Restate word for word only the lines running from the one with "ปลอกคอแมวแบบสะท้อนแสงสีแดง ไนลอน ปรับขนาดได้" to the end of the data, both ends included. Omit any pictures.

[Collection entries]
+ + +

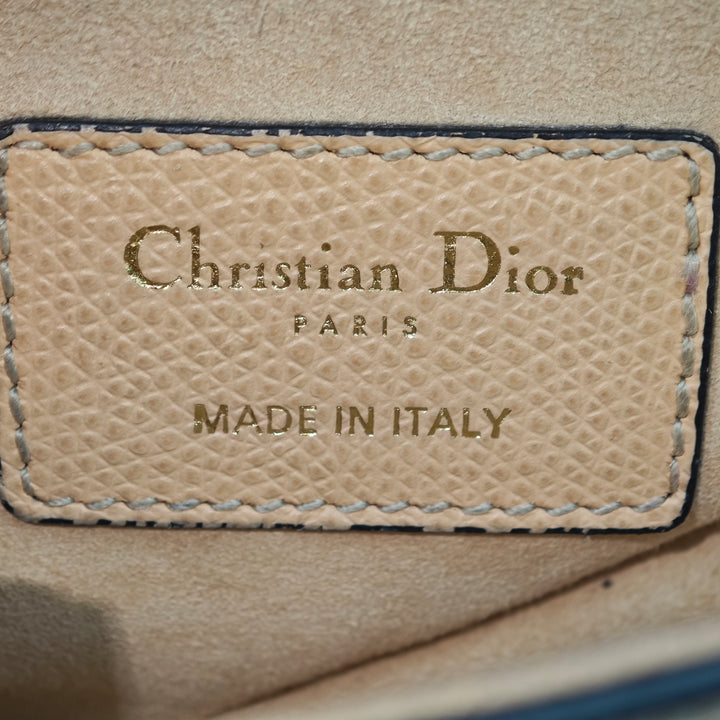 Dior Mini Cuir de veau grainé Saddle Sac
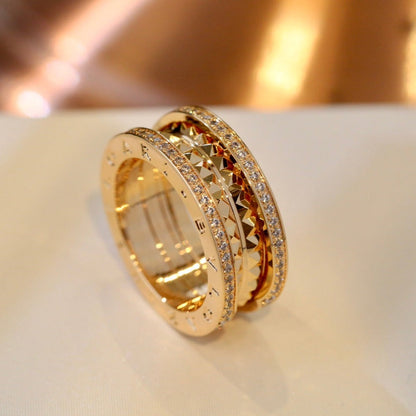 [⭐Aura]ZERO 1 GOLD DIAMOND RING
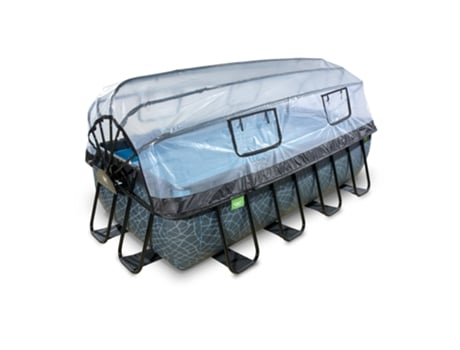 Piscina Tubular EXIT TOYS (TU - Cinzento)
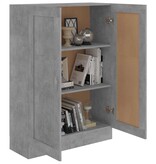VidaXL Boekenkast 82,5x30,5x115 cm spaanplaat betongrijs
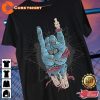 Frankenstein Hand Rock Sign Halloween 2023 Celebrate Outfit T-Shirt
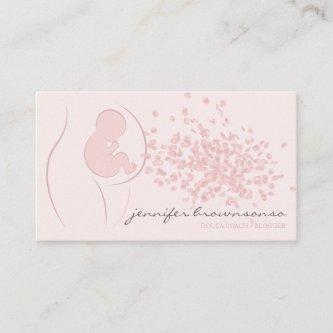 Baby pink Doula Birth Coach Pregnant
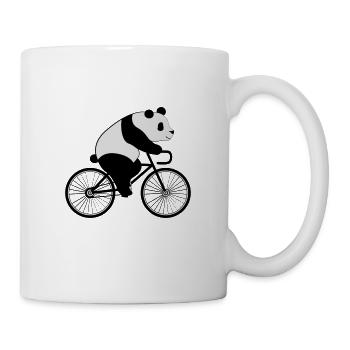 Panda Bicycle - Mug blanc - blanc - Droite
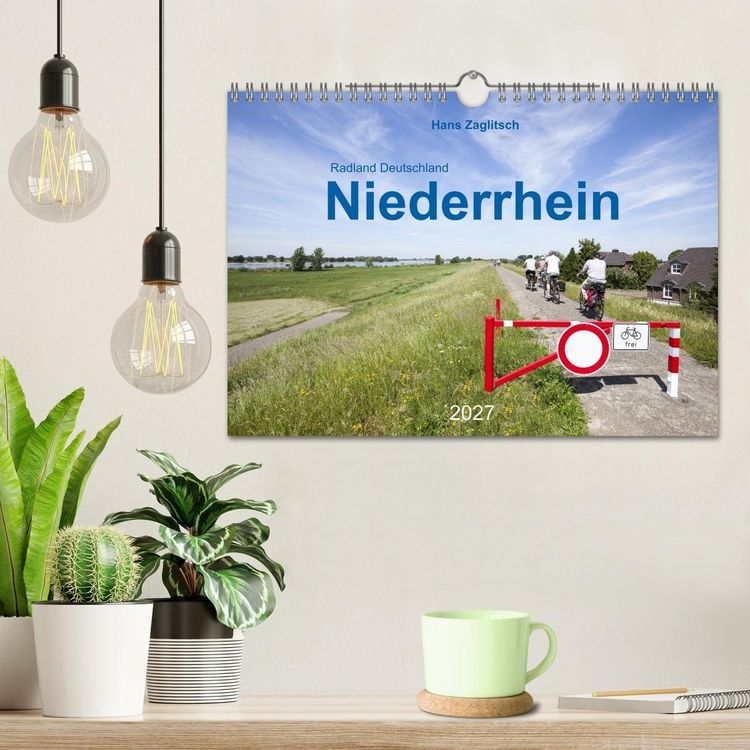 Produktbild: Radland Deutschland - Niederrhein (Wandkalender 2027 DIN A4 quer), CALVENDO Monatskalender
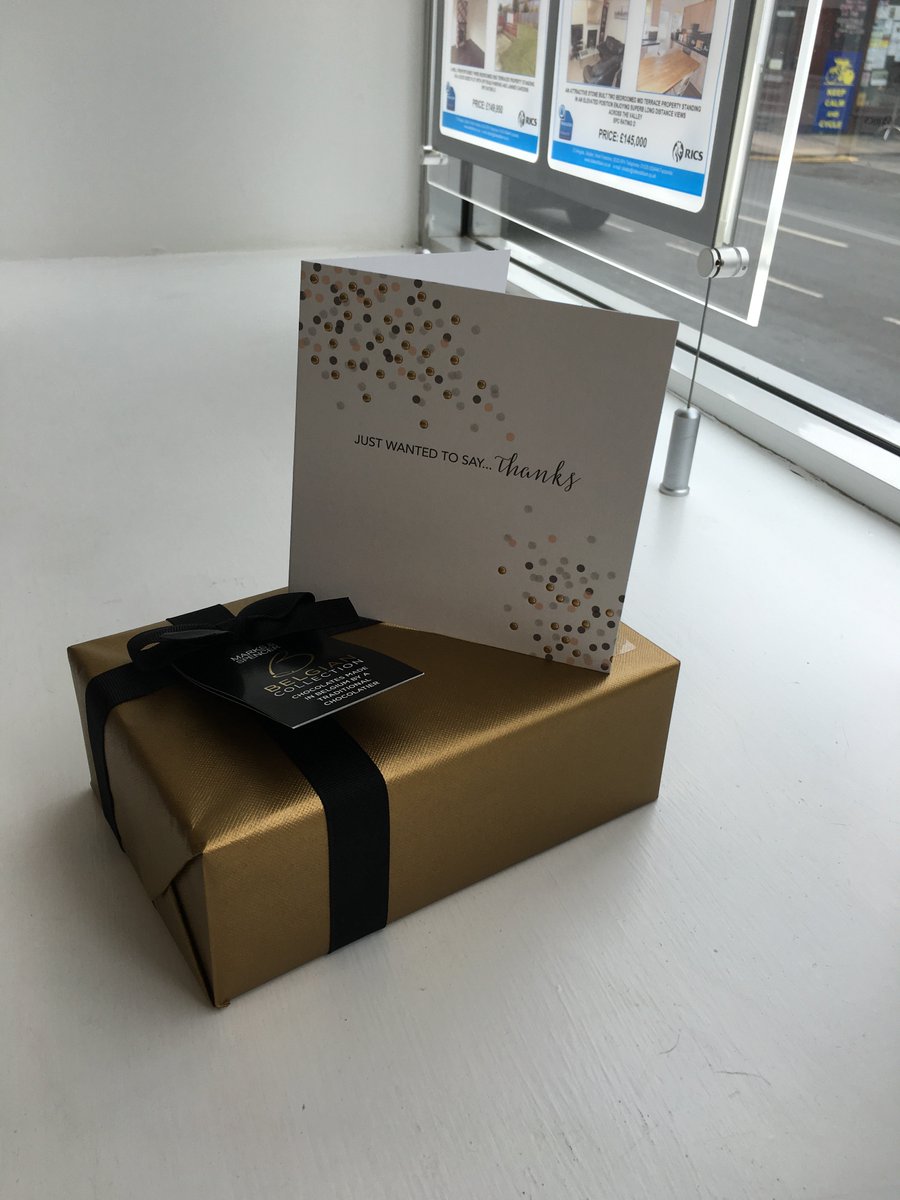 Daleeddison's tweet photo. We can't wait to open these yummy chocs given to us by a #HappyClient. #BestAgent #WeLoveSellingHouses #Silsden https://t.co/RX47h2IVGY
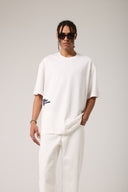 Çiçek Baskılı Basic T- shirt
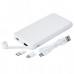 Power Bank (повербанк) под нанесение Вашего лого, 10000 mAh, белый цвет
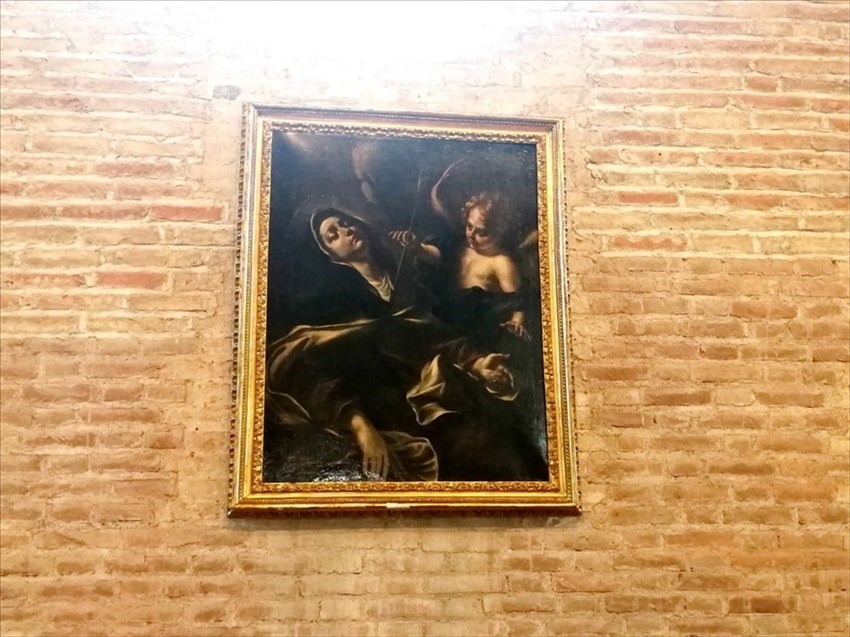 La tela secentesca raffigurante “ L’estasi di Santa Teresa” di Giovan Battista Beinaschi ( 1636 – 1688)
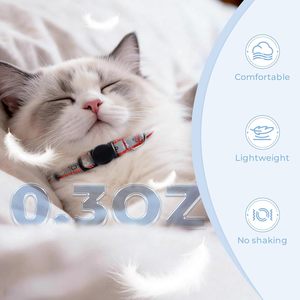 ปลอกคอแมวแบบสะท้อนแสงสีแดง ไนลอน ปรับขนาดได้ พร้อมกระดิ่ง ขนาดเล็ก - Product Image 3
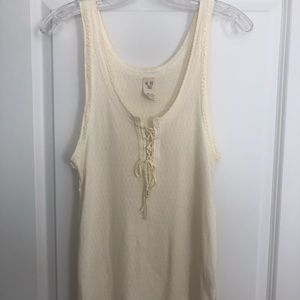 Women’s Cream tank top
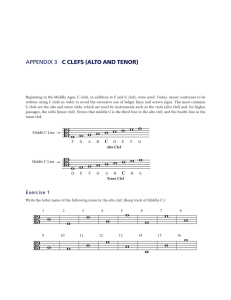 Appendix 3 C clefs (Alto and Tenor)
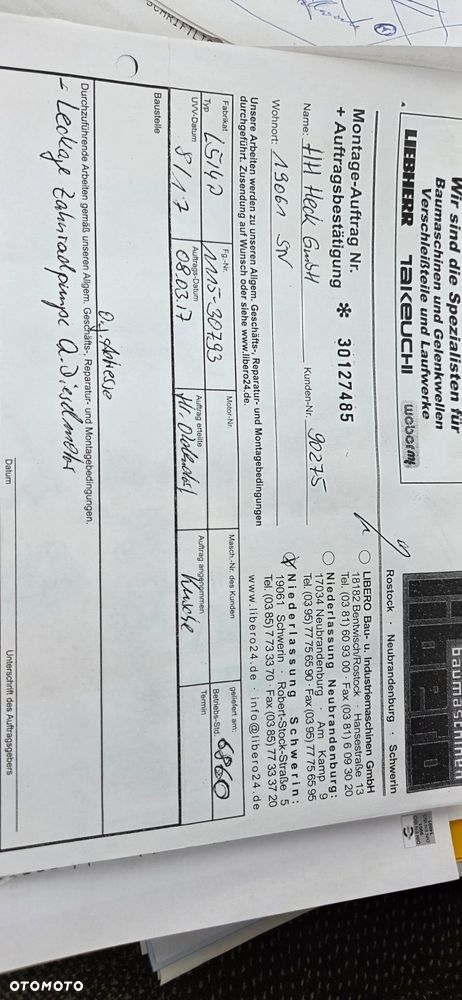 Liebherr <<Liebherr L514, 2012 rok, nowa łyżka ,szybkozłącze, historia serwisowa!>> - 19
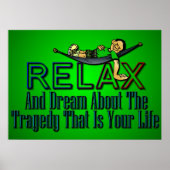 Grappig: Relax en Dream Poster (Voorkant)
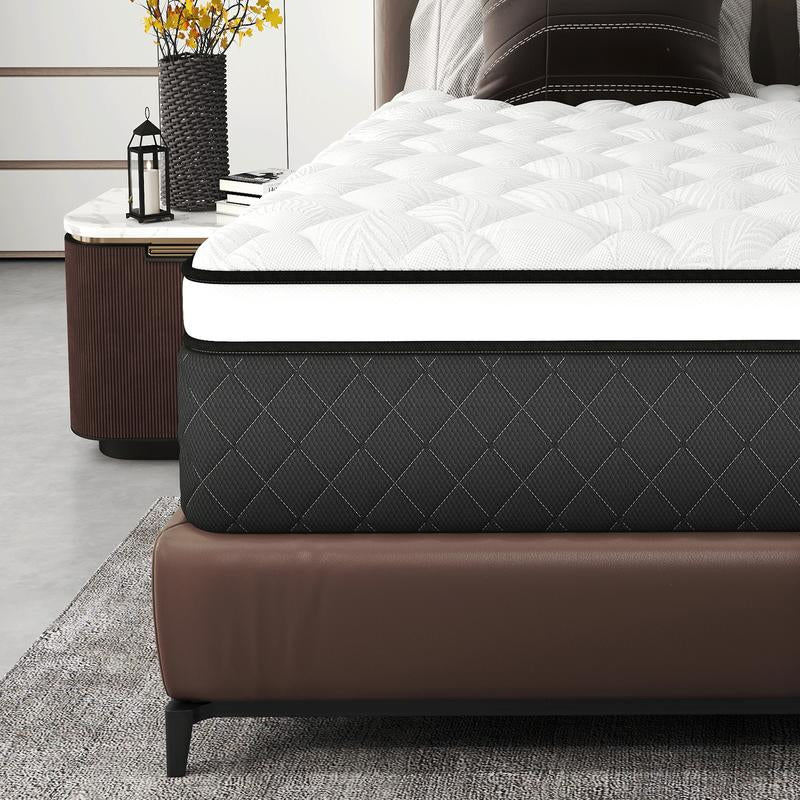 Twin/Full/Queen/King 12/14 Inch, Gel Memory Foam Hybrid Mattress,Pocket Spring Box Mattress, Fiberglass Free,Medium Firmness, Certipur Certified Jelly Bed Mattress Queen Size Mattress Colchones Para Cama Mattresses Bed Mattress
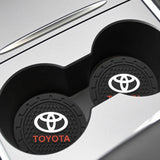 2pcs/set Toyota Logo PVC Waterproof Car Water Coaster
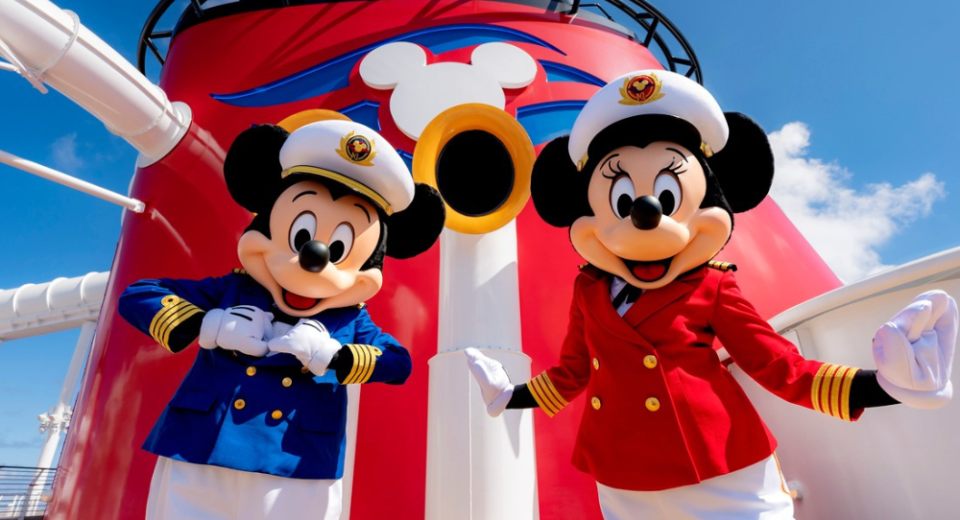 Mickey e Minnie a bordo della crociera Disney Cruise Line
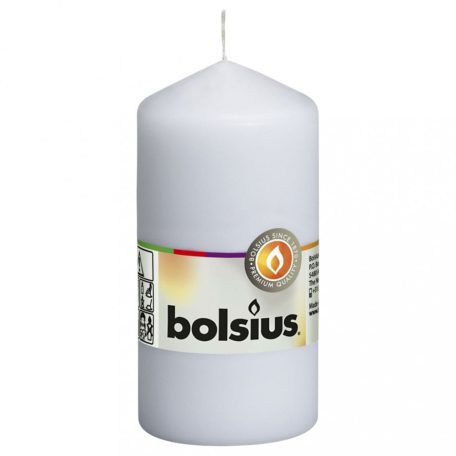 Bolsius 10 db fehér oszlopgyertya 120 x 58 mm (428075)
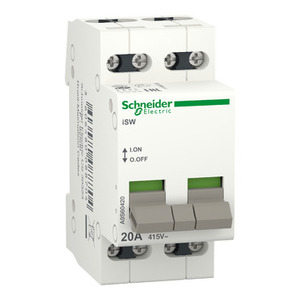 Interruttori Sezionatori SCHNEIDER ELECTRIC A9S60420 Acti9 ISW a 4 Poli 20A 415V - Product Image 1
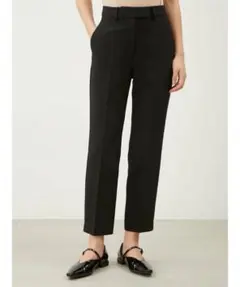 Mila Owen 後ゴムセンタープレステーパードパンツ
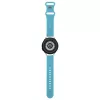 Hello Kitty Universele siliconen band HKUWMSCHBLB, Kitty Head, Blauw, 20mm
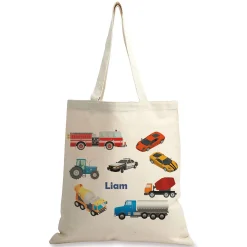 Cars Personalized Canvas Tote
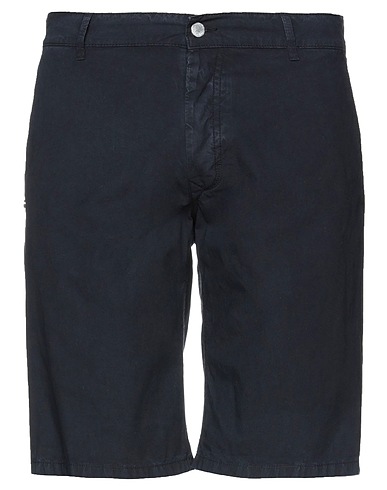 GREY DANIELE ALESSANDRINI Shorts & Bermuda Blu notte 98% Cotone, 2% Elastan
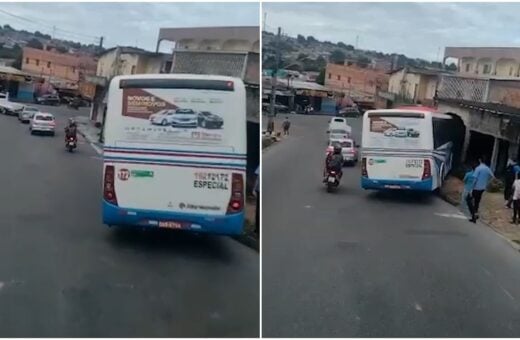 Condutor de ônibus perde controle e veículo invade casa em Manaus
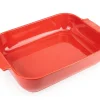 PEUGEOT SAVEURS Plat à four rectangulaire rouge porcelaine 32x21,7 cm Céramique New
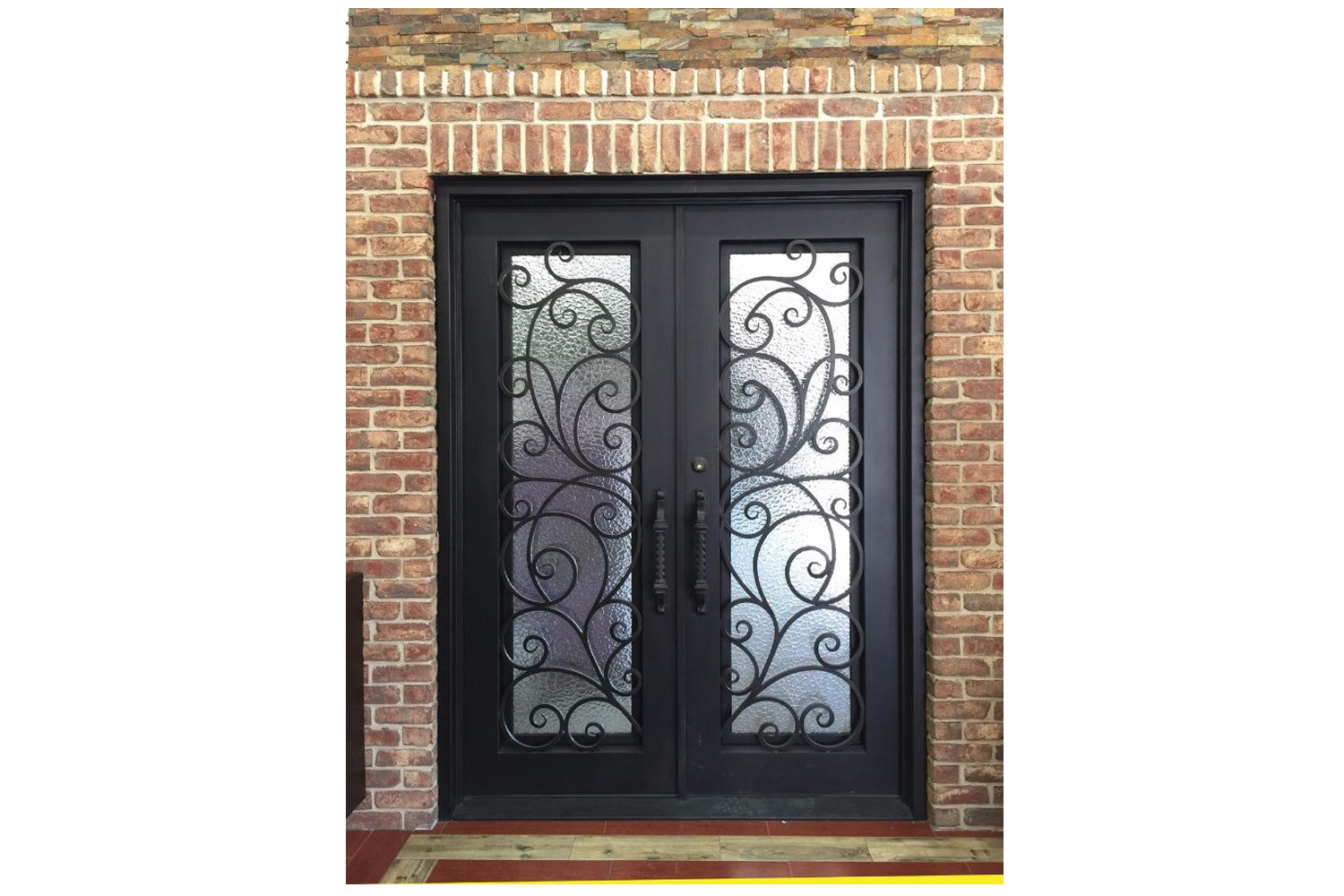 Stonehenge SH 01 Wrought Iron Exterior Door size 72 x 96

+ + +

Answer to the problem
 ปลอกคอแมวแบบสะท้อนแสงสีแดง ไนลอน ปรับขนาดได้ พร้อมกระดิ่ง ขนาดเล็ก - Product Image 3
 Women’s Cream tank top
 Appendix 3 C clefs (Alto and Tenor)
 Liebherr <<Liebherr L514, 2012 rok, nowa łyżka ,szybkozłącze, historia serwisowa!>> - 19
 Grappig: Relax en Dream Poster (Voorkant)
 Twin/Full/Queen/King 12/14 Inch, Gel Memory Foam Hybrid Mattress,Pocket Spring Box Mattress, Fiberglass Free,Medium Firmness, Certipur Certified Jelly Bed Mattress Queen Size Mattress Colchones Para Cama Mattresses Bed Mattress
 2pcs/set Toyota Logo PVC Waterproof Car Water Coaster
 Mickey e Minnie a bordo della crociera Disney Cruise Line
 Bolsius 10 db fehér oszlopgyertya 120 x 58 mm (428075)
 Interruttori Sezionatori SCHNEIDER ELECTRIC A9S60420 Acti9 ISW a 4 Poli 20A 415V - Product Image 1
 Mila Owen 後ゴムセンタープレステーパードパンツ
 Hello Kitty Universele siliconen band HKUWMSCHBLB, Kitty Head, Blauw, 20mm
 Cars Personalized Canvas Tote
 GREY DANIELE ALESSANDRINI Shorts & Bermuda Blu notte 98% Cotone, 2% Elastan
 Condutor de ônibus perde controle e veículo invade casa em Manaus
 PEUGEOT SAVEURS Plat à four rectangulaire rouge porcelaine 32x21,7 cm Céramique New
 Stonehenge SH 01 Wrought Iron Exterior Door size 72 x 96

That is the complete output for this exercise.